Even before the smoke cleared, Erdogan blamed exiled cleric (and one-time ally) Fethullah Gulen for masterminding the coup attempt. Turkish officials demand his extradition, yet neither the State Department nor the Justice Department have found the evidence presented by their Turkish counterparts to be credible, coherent, or comprehensive. The United States is not alone in this: German intelligence and the British government have likewise cast doubt on the official Turkish narrative.
Consider the problems or unanswered questions in Erdogan’s narrative:
1. Were the coup plotters Gulenists? While it seems certain that members of Gulen’s Hizmet movement played a role, many of the participating soldiers who were involved in the movement seemed either to have no advance knowledge of the impending coup or simply gambled on the losing side as events were underway. Many of those participating in the coup—followers of Gulen and others—received orders and believed they were on an exercise. This is especially true of students in the military academies. Harvard University scholar Dani Rodrik has made a convincing case that Gulenists were behind the coup, but cui bono logic does not substitute for proof nor does it necessarily mean that the Gulenists could be the only party to benefit. Erdogan has long targeted secularists and career officers. As he has moved to promote his own family—son Bilal and son-in-law Berat Albayrak—he has also antagonized long-time supporters within his own Justice and Development Party (AKP). Indeed, the brother of the former vice president of Erdogan’s ruling party was among the participants. There have also been numerous questions raised over the role and/or competence of Hakan Fidan, Turkey’s intelligence chief. Erdogan reportedly learned of the coup plot rather than Fidan, whom Erdogan could not reach for hours as the coup unfolded.
2. Could Gulenists really have infiltrated the military? The Turkish military has long been suspicious of Gulen and his followers. Could Gulen’s followers within the military really pulled it off, if they had been inclined to do so? Here, it’s important to remember the culture of Turkey’s professional military: Many officers began as student cadets in their early teens and essentially grew up together, lived together, and know pretty much everything there is to know about their colleagues. It is extremely hard to hide something like religion or sympathy to Gulen. The Turkish military will also survey peer groups before major promotions and those who may have fallen under Gulen’s sway usually do not reach flag rank.
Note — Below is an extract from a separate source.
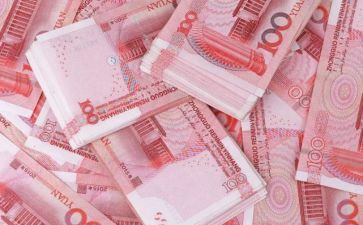 钱钟的围城读后感6篇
3. Did Erdogan’s government collate the purge lists prior to any plot? The list of alleged coup plotters was so extensive that it was impossible to put it together in the hours after the coup. The fact that it included individuals who died in the weeks and months before their listing shows the spuriousness of the list and the lack of any honesty investigation. Badirma Prosecutor Ahmet Bicer, for example, died in May 2016 but was included on the purge list published on August 31, 2016. Then there was the case of Navy non-commissioned officer Esat Kalkan killed August 14, 2016 in Afghanistan, but nevertheless purged on November 22, 2016. The same purge list announced Mehmet Kargi’s firing from the Nusaybin municipality, even though he had died a month before. If investigators could not tell if a suspect was alive or dead, it says a lot about the quality of the investigation.
4. Did Special Forces really try to kidnap Erdogan? According to testimony, a Special Forces team flew by helicopter to Marmaris, where Erdogan was on vacation, at 2 am and arrived at the president’s hotel at 3 am. When the Special Forces team approached the hotel, a police detail opened fire on them. There are two problems with this narrative, however. First, the government cannot explain why no one prevented the helicopter from departing more than five hours after imposition of an air ban and, second, why Erdogan’s police detail remained at the hotel hours after the man they were protecting had departed. Another question involves the death of police officer Ndeip Cengiz Eker. The initial autopsy showed not only was he slashed to death using a weapon Special Forces teams do not carry, but he also died several hours before the Special Forces team arrived. In short, it appears that one specific Special Forces team was ordered into action from above in order to give the appearance of a coup, but Erdogan was never in any danger. Indeed, the testimony of the owner of the hotel where Erdogan was staying seemed to back this up.
5. What was SADAT doing? Erdogan and his followers argue that Gulenists shot down more than 200 citizens in cold blood. The problem here is that eyewitnesses say that members of SADAT, an Islamist private security company led by Erdogan-ally Gen. Adnan Tanriverdi, was apparently firing on civilians. Erdogan has, in effect, cultivated SADAT as a paramilitary force to do his dirty work. Many civilians on the Istanbul Bridge also reportedly died after being shot by snipers. The regular military unit on the bridge did not include snipers. In addition, if true, snipers would have had to be prepositioned ahead of time. At the very least, it is long past time Erdogan and the government detailed the movements, apparent prepositioning at key points, and involvement of this pro-AKP paramilitary group on the day of the coup.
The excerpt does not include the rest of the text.